Street, who spoke with the Pitch during his weekly commute between Brooklyn and Baltimore, calls the film "a hybrid -- on the slippery slope between the real and the constructed."
The players include Brian, a 23-year-old college grad who could be mistaken for a homeless drifter if it weren't for shots of his well-to-do family kitchen. He mostly drinks on rooftops or in bars, his aimlessness finding sympathy with a grizzled bar patron who says, "It's the quest that counts, not the goal."
Equal screen time is spread among Windsor, an African-American man preparing his late father's suburban home for resale; Alicia and Leslie, two white single mothers who seem to have issues with their own moms; and Rhys, a pretty African-American actress of a certain age who has yet to become any kind of major player.
None of them is particularly compelling in his or her own right. What Street finds worthy of seventy minutes is a shared ennui that the city so perversely complements. Parts of Baltimore are lovely in a seaport kind of way, and the boxy homeliness of row houses makes for a fetching, ungainly backdrop to the stories.
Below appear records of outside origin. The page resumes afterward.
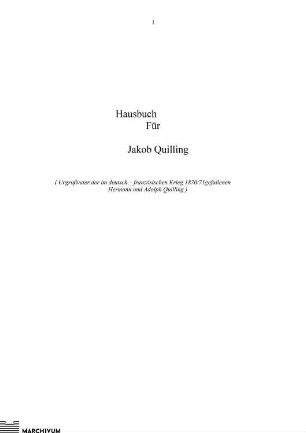 "Hausbuch für Jacob Quilling".- Aufzeichnungen über Familiengeschichte und Vermögensverhältnisse von Jacob Quilling für die Jahre 1764-1876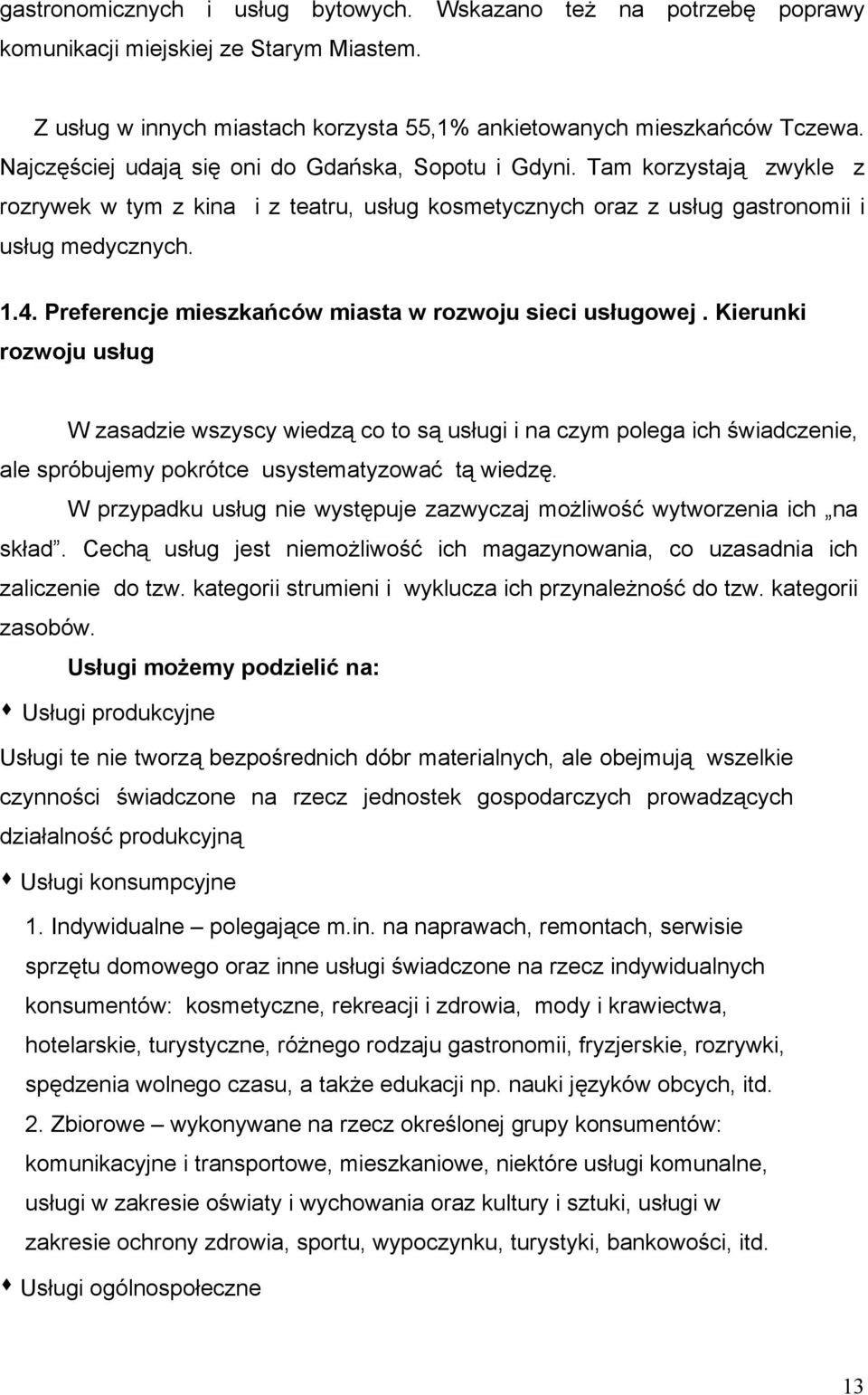 Preferencje mieszkańców miasta w rozwoju sieci usługowej.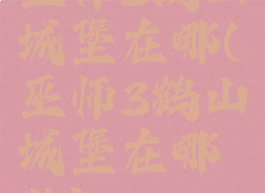 巫师3鹤山城堡在哪(巫师3鹤山城堡在哪儿)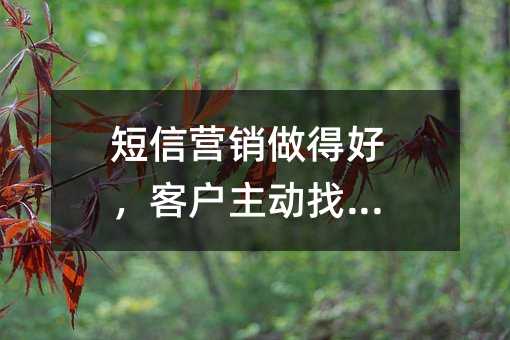短信营销做得好,客户主动找上门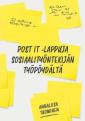 Post it - lappuja sosiaalityöntekijän työpöydältä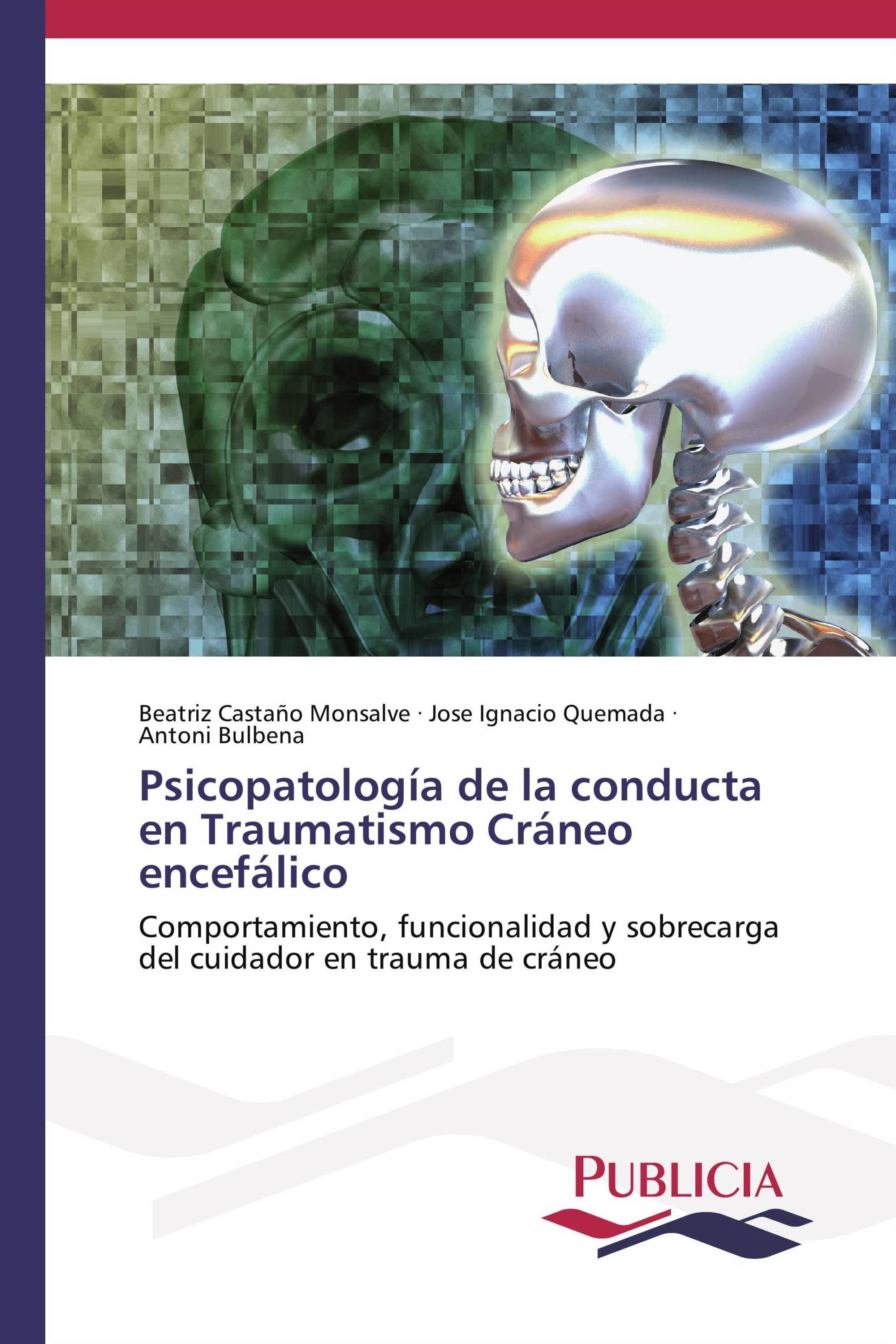 Psicopatología de la conducta en Traumatismo Cráneo encefálico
Street, whose hefty résumé includes short films on subjects ranging from the American flag to softcore porn, says his work is about "retextualizing." He loves to recycle found footage, and he's been known to hand-bleach or otherwise deface film stock frame by frame.
The blurring between real and staged grew out of the cast's improvisational skills, he says. "Someone said, CEAll films are documentaries,' but some are documentaries with actors spouting real lines."